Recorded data
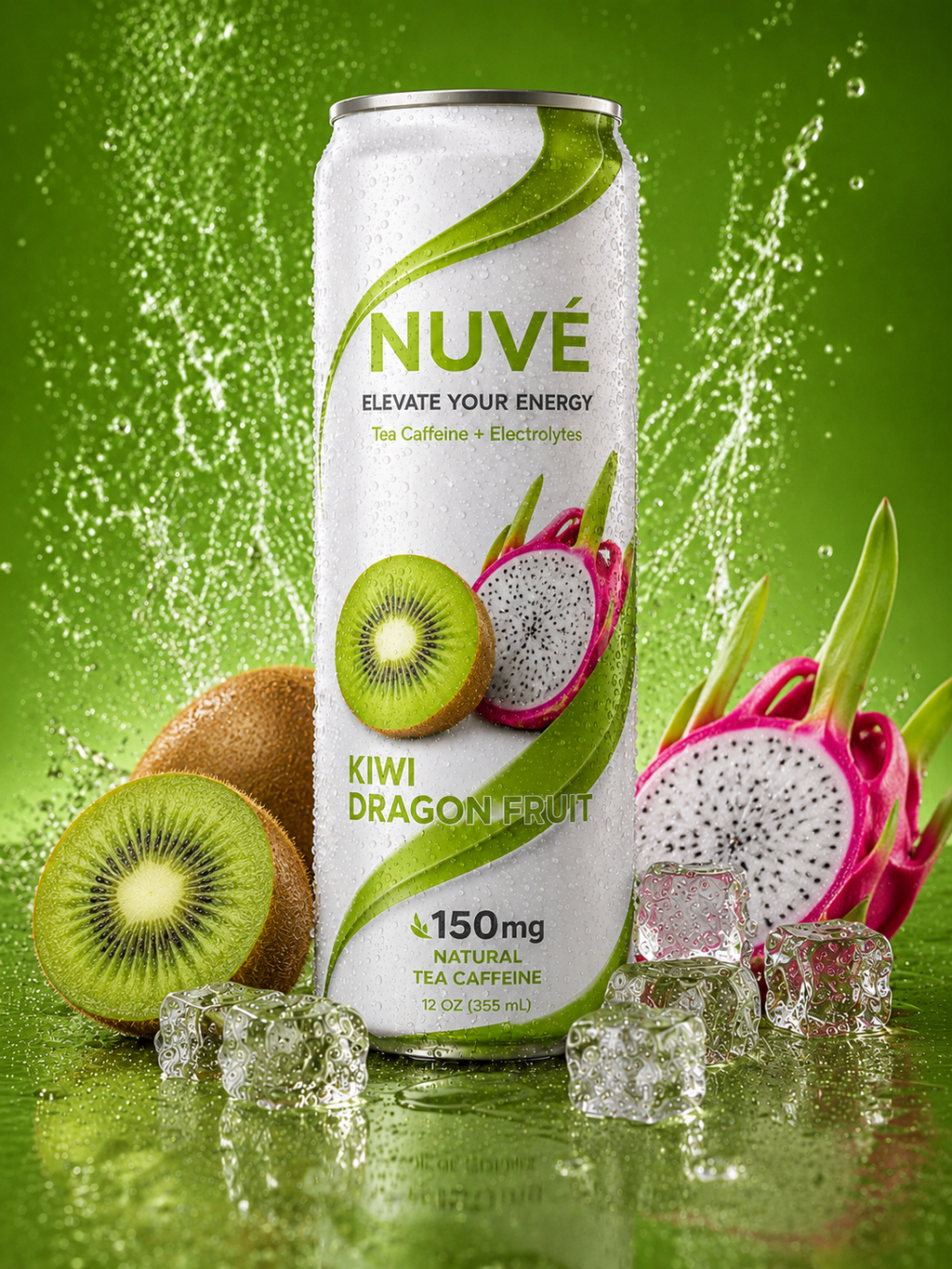 NUVE Kiwi Dragonfruit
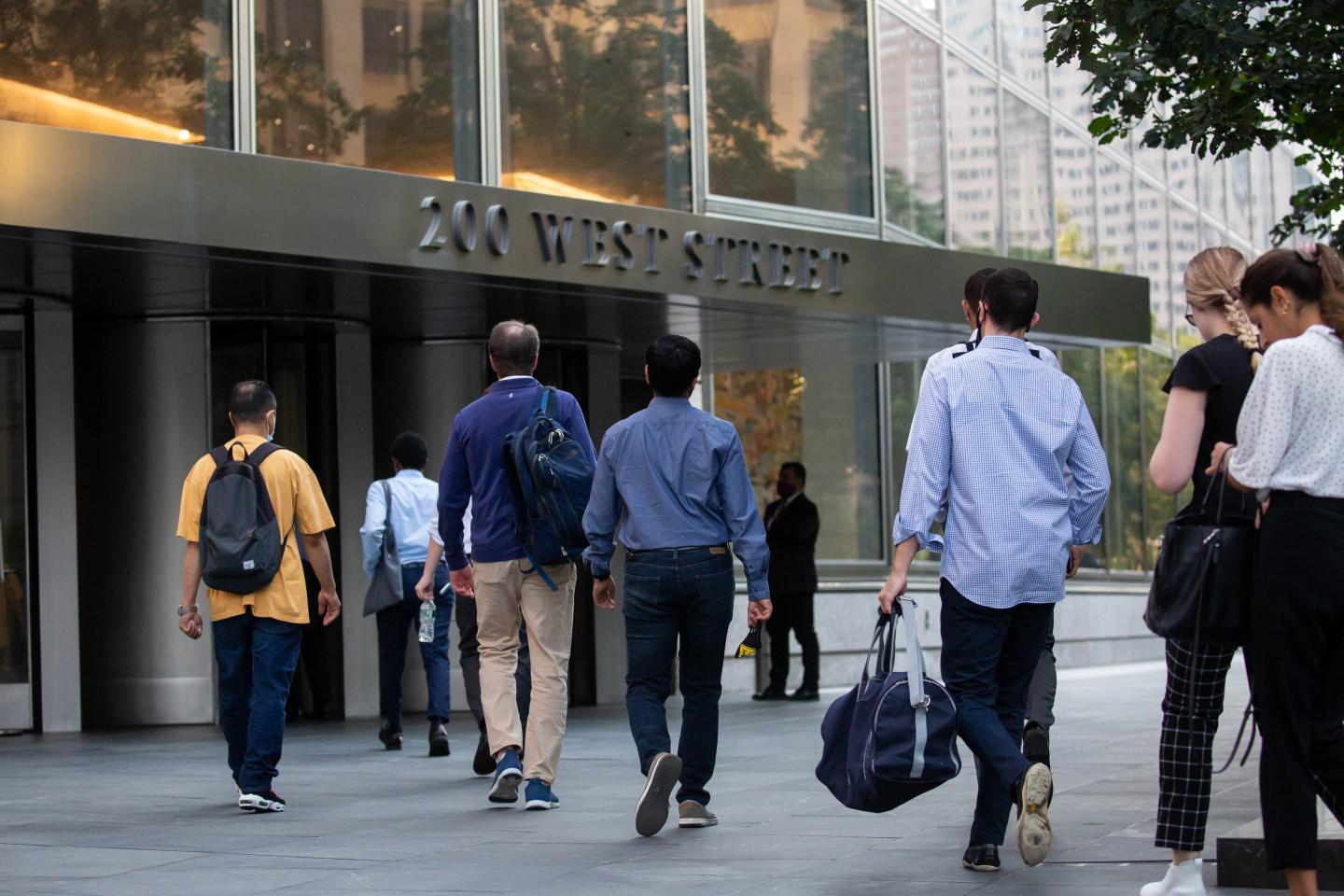 Goldman Sachs CFO says it’s a top priority to retain the ‘most talented people’
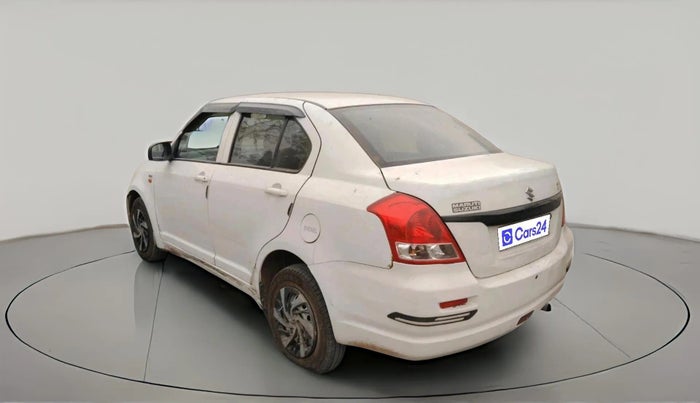 2017 Maruti Swift Dzire TOUR DIESEL, Diesel, Manual, 1,00,006 km, exterior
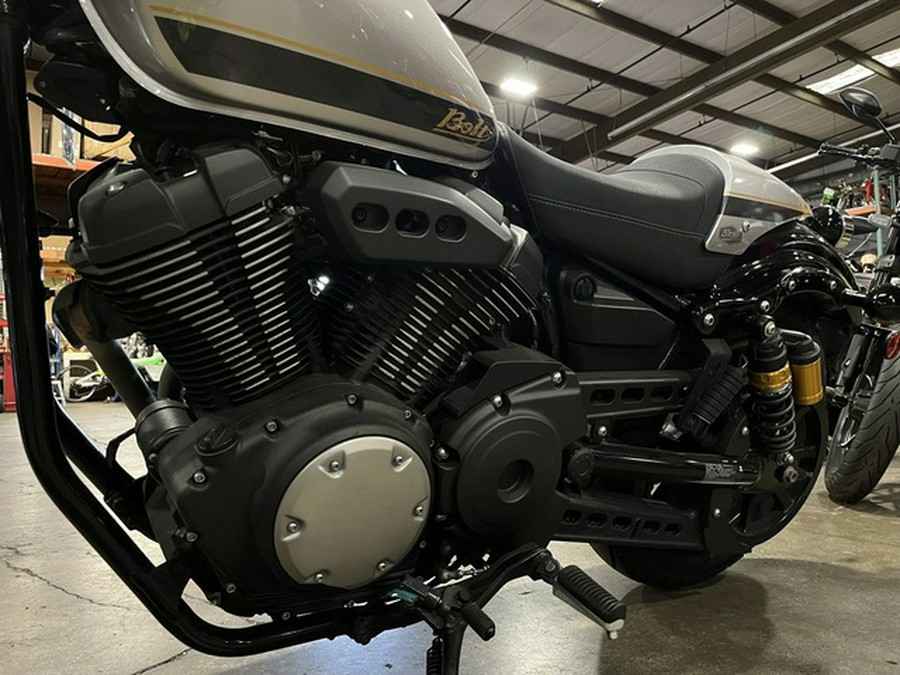 2015 Yamaha Bolt C-Spec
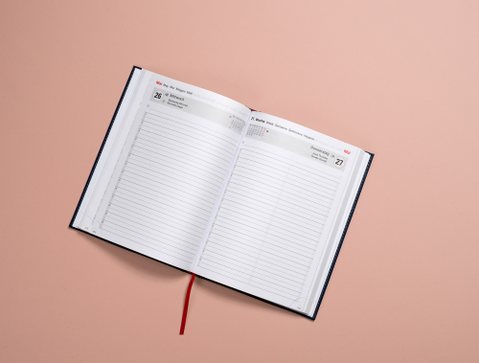 Agenda journalier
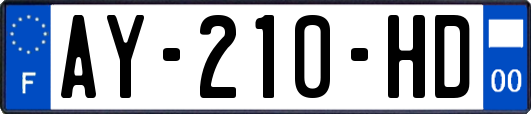 AY-210-HD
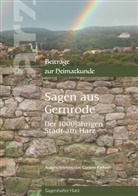Carsten Kiehne - Sagen aus Gernrode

» **Try it**
Drop the images and return the data verbatim.

» **Problem solution**
 NUVE Kiwi Dragonfruit
 Goldman Sachs CFO says it’s a top priority to retain the ‘most talented people’
 2017 Maruti Swift Dzire TOUR DIESEL, Diesel, Manual, 1,00,006 km, exterior
 2015 Yamaha Bolt C-Spec
 Agenda journalier
 AY-210-HD
Carsten Kiehne - Sagen aus Gernrode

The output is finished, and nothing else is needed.